The image of breast in particular presents a disembodied image to be consumed. The organic functions of breast as the nurturer are altered completely to fit into a role of destroyer, a contaminating agent. The nurse’s breast gives the reader an idea of its grotesqueness. The superfluous attributes are purposefully given to represent the other side of nature – the decomposition and bleakness of art forms. Gigantism, in this sense, stands in stark contrast to the microscopic world of miniaturism.

In miniaturism, we find objects having aesthetic appeals, surreal values and highly content-oriented relevance. Any description of the miniature tends to focus on contextual information where spatial closure is put before worldly closure. The miniature symbolizes a world which is unconfined to temporal limitations. A single instance is highlighted in the miniature, but that instance, without getting generalized, transcends abstraction. Commercial reproduction of art objects takes away the originality of the form just as much as it results in vulnerability of art itself.

Even though it is proved through psychoanalytical studies that repetition creates a reproduction that takes the very form of the real, the fact remains that there is always a possibility of exaggeration while repeating the works of a subtle form of art.
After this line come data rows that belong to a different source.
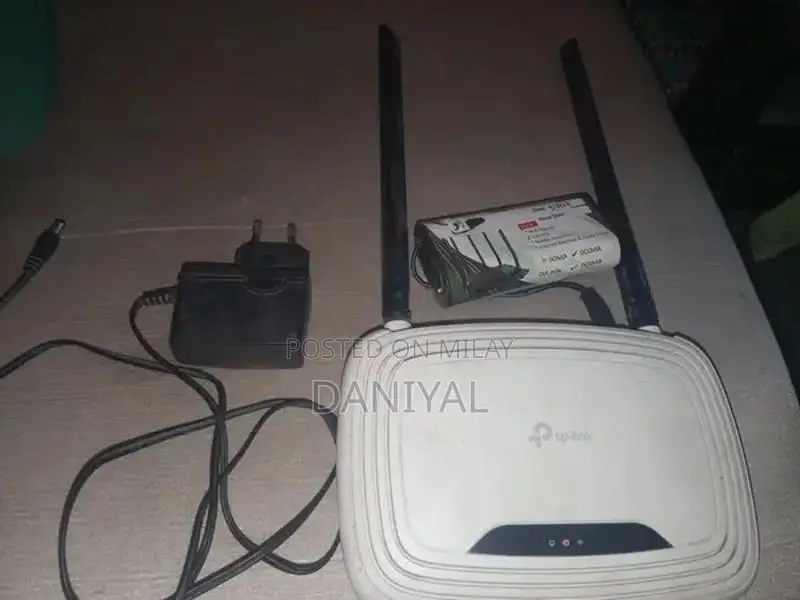 Fitness Tracker Smart Wristband with Multiple Health Monitoring Featur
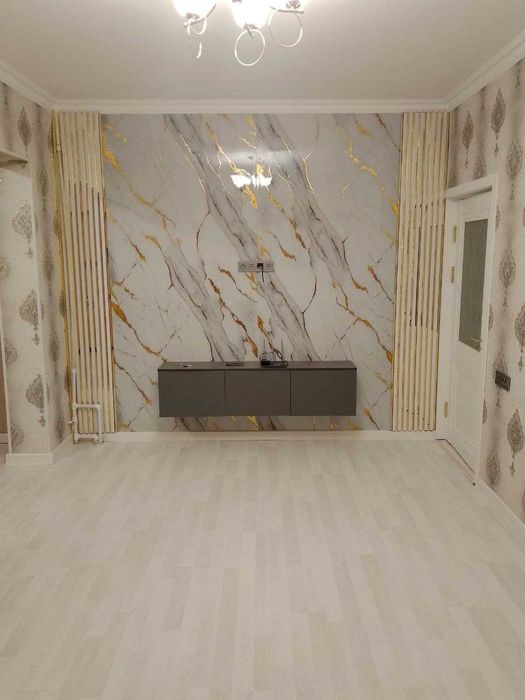 Продаётся квартира без маклера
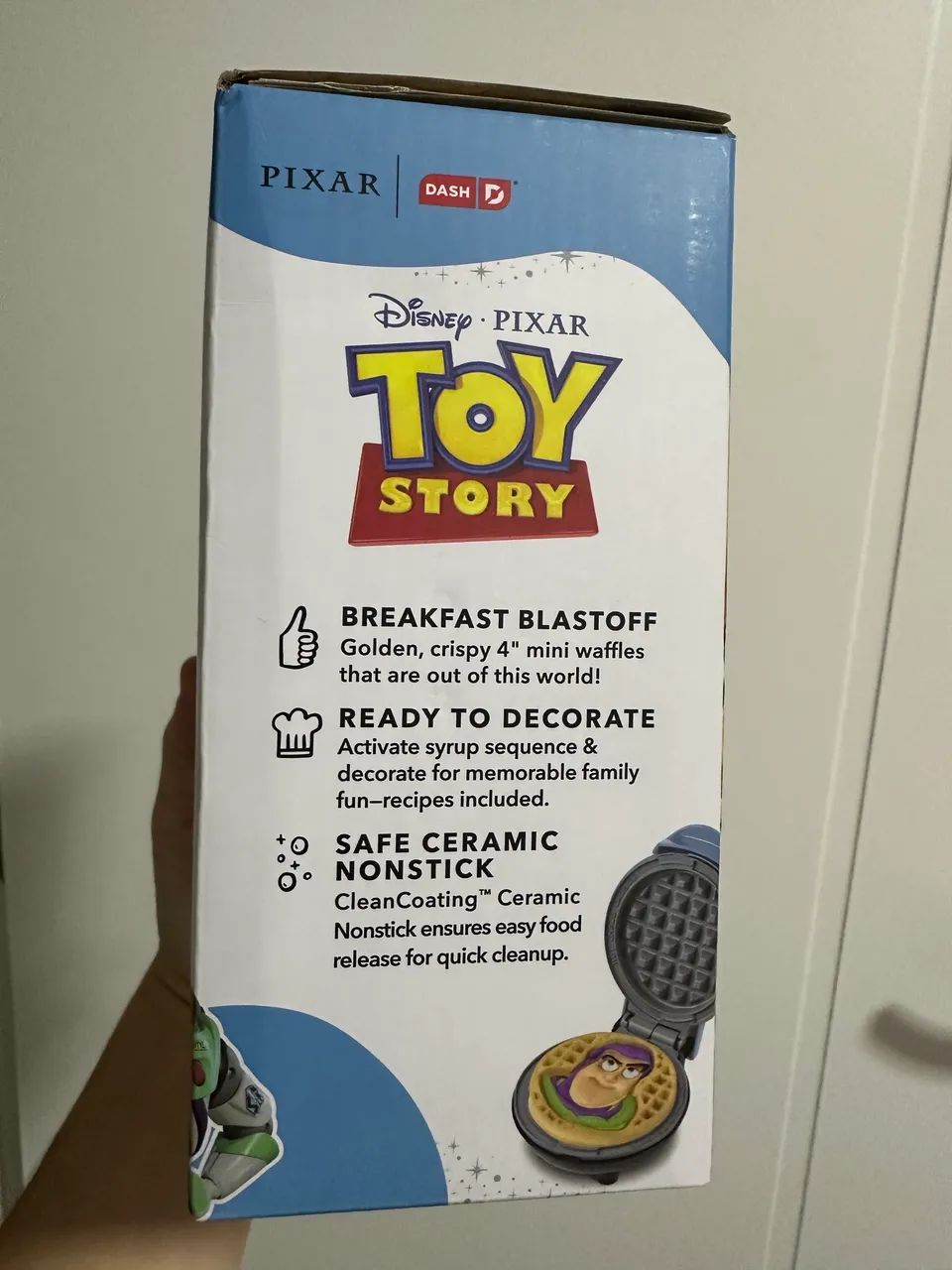 Toy Story  - Foto 2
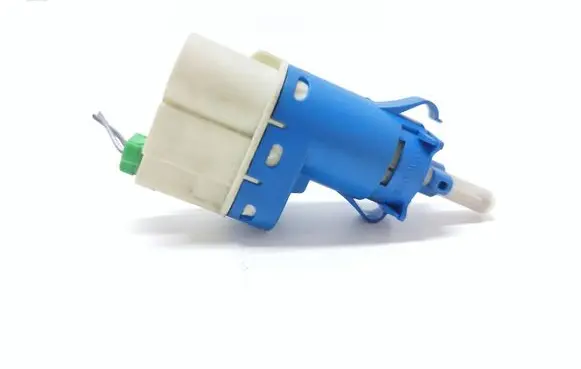 Ford S-MAX Brake pedal sensor switch 3M5T9C872AB
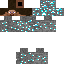 Texture for daimondore andy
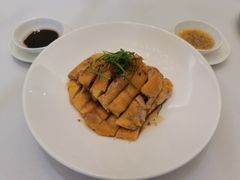 -小白鲨工夫潮膳(曲江店)
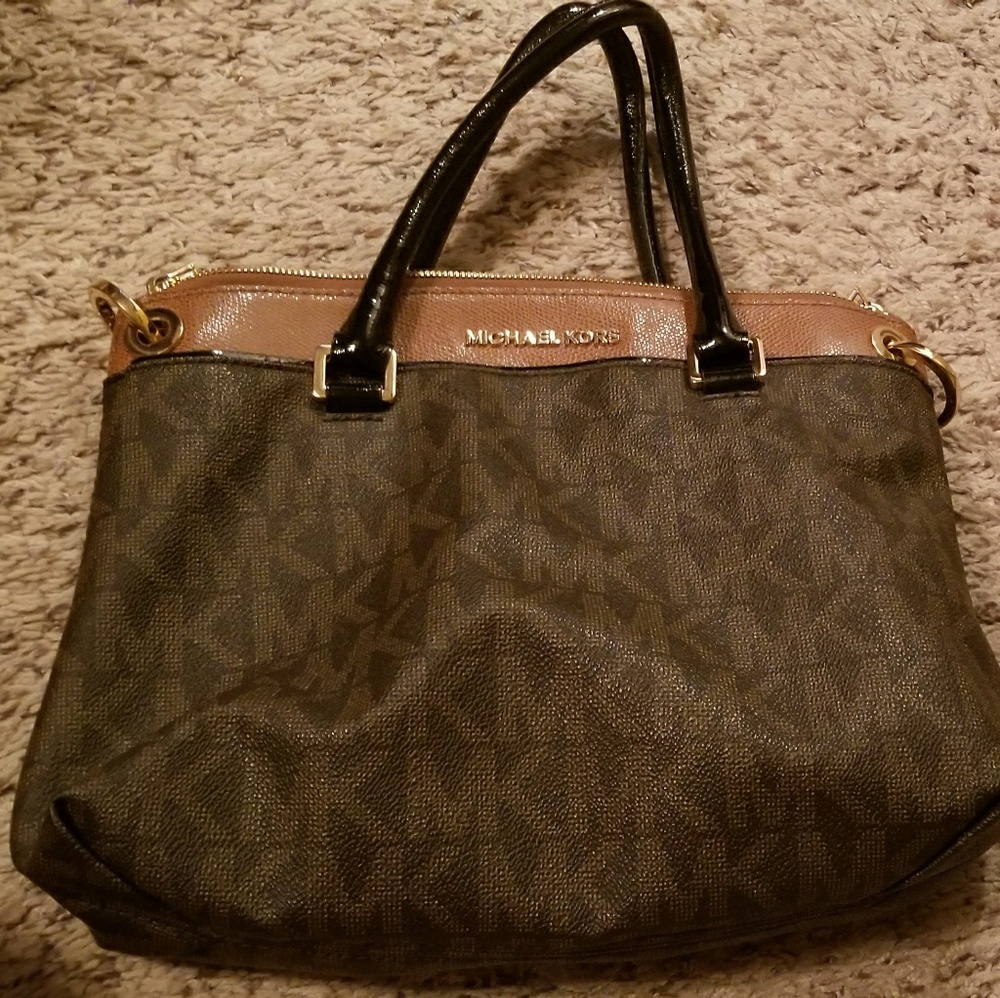 Michael kors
To put this in the context of gigantism, we might refer to the idea of monumentality in the works of Picasso. The artist in his creative world imagined of the work he would be undertaking and turned his imagination into a substantial form.

He never saw the original works, but that did not prevent him from recreating them in an authentic manner. The proportion in these works is perfectly acceptable, courtesy to the immense creative vision of the artist. So we may say that the ideas of gigantism and miniaturism have been incorporated into many genres of art forms arraying from painting, sculpture, literature and so on. From the rural dominance of the Kitsch culture to the mythical attributes of English, the movement has indeed opened up a world of analytical outlooks.